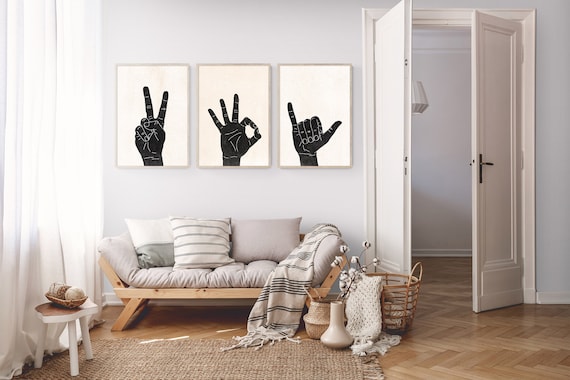 Peace Sign, OK Hand Signal, Shaka Hand Set of 3 Printable Wall Art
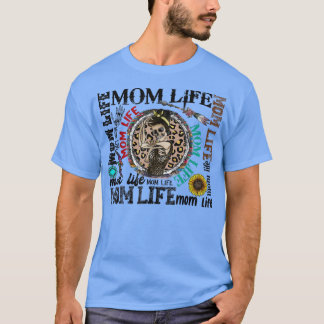 T-shirt Leopard Messy Bun Skeleton Maman Life Lightning Bo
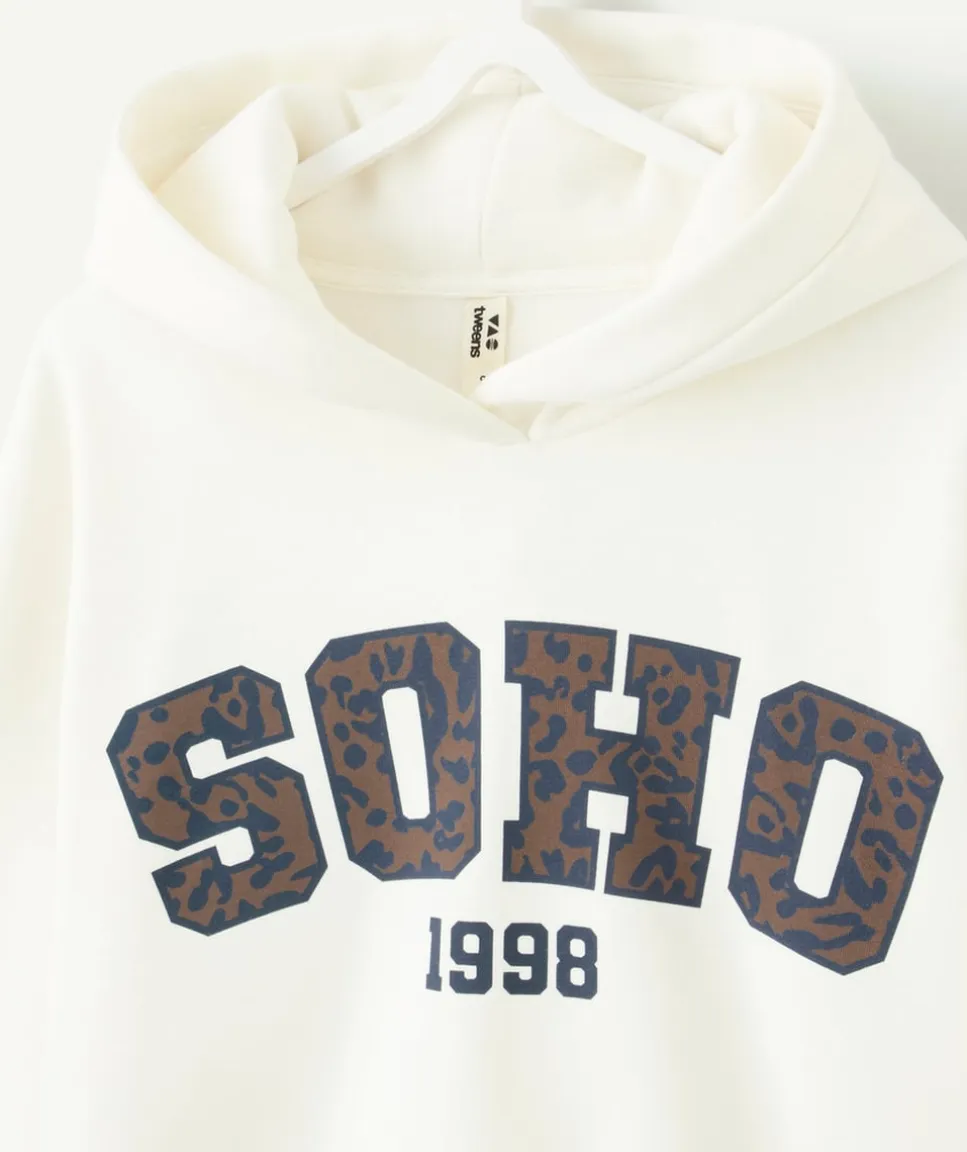 Sweat fille droit écru imprimé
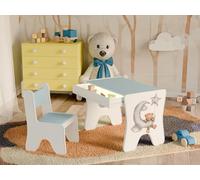 Happy Babies - Set di sedie da scrivania per bambini, tavolo da gioco ergonomico con ampio cassetto - tavolo da apprendimento e gioco per bambini - mobili per l'asilo orsacchiotto (blu)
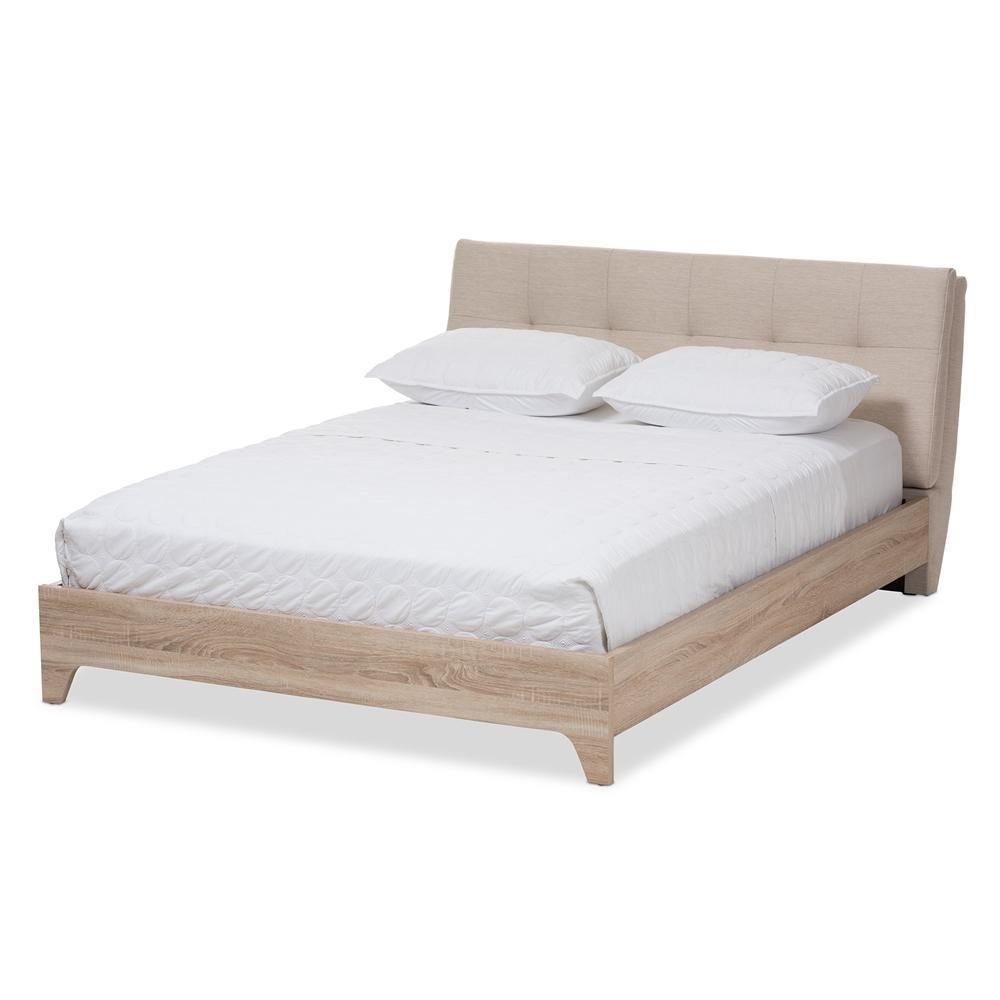 Adelia Mid-Century Light Beige Whitewash Queen Size Platform Bed FredCo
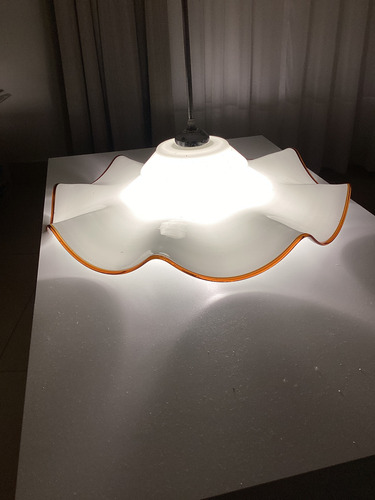 Antigua Lampara Colgante Cristal Murano Opalina 55cm Dmetro Blanco Y Marrón (Usado)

------------------------------------

Write the records above out again exactly, with no pictures in your copy.

* Answer box *
 Peace Sign, OK Hand Signal, Shaka Hand Set of 3 Printable Wall Art
 T-shirt Leopard Messy Bun Skeleton Maman Life Lightning Bo
 Sweat fille droit écru imprimé
 Happy Babies - Set di sedie da scrivania per bambini, tavolo da gioco ergonomico con ampio cassetto - tavolo da apprendimento e gioco per bambini - mobili per l'asilo orsacchiotto (blu)
 Adelia Mid-Century Light Beige Whitewash Queen Size Platform Bed FredCo
 Antigua Lampara Colgante Cristal Murano Opalina 55cm Dmetro Blanco Y Marrón (Usado)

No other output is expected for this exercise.